As written, your model does not have any observed outcomes. You probably noticed that it runs really really fast. This is because it is forward sampling from the prior. That is why your posterior mean for mu is the same as the prior mean of 0. The variable name "is.censored" is appropriate for left- or right-censored data, as found in survival analysis, but not for your problem. So I'm going to rename it "y". If you have

y[j] ~ dinterval(t[j], lim[j,]) 

and lim[j] has two columns, then y[j] can take three possible values

y[j] = 0 if t[j] <= lim[j,1] 
y[j] = 1 if lim[j,1] < t[j] <= lim[j,2] 
y[j] = 2 if lim[j,2] < t[j] 

To model interval censored data, you need to supply y[j] as data in your model. In your case, you know that t[j] always falls between lim[j,1] and lim[j,2] so your data should be.

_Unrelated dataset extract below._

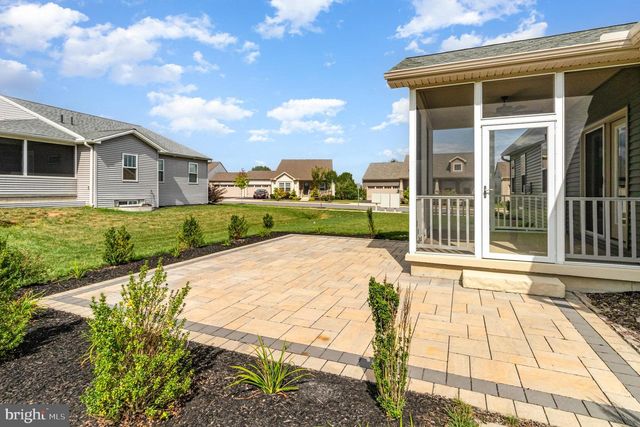 6124 WESTON DR, Harrisburg, PA 17111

data <- list("lim"=lim, "y"=rep(1,nrow(lim))) 

The problem with DIC is fairly deep. Because your model does not have any outcome data, the deviance is not defined. However, even if you supply outcome data you will still not get the deviance statistics you want (including pD). The deviance will be zero and the "jags" function will fall back on the Gelman heuristic for pD (I did not write this so don't ask me to explain it), which will also be zero. The likelihood you really want is

 p(lim[j,1] < t[j] <= lim[j,2] | mu, tau) 

But JAGS is giving you

p(y[j] | t[j]) 

which is always 1. The "focus" of DIC is wrong. I don't know what WinBUGS does under these circumstances. Perhaps it has special rules for censored variables.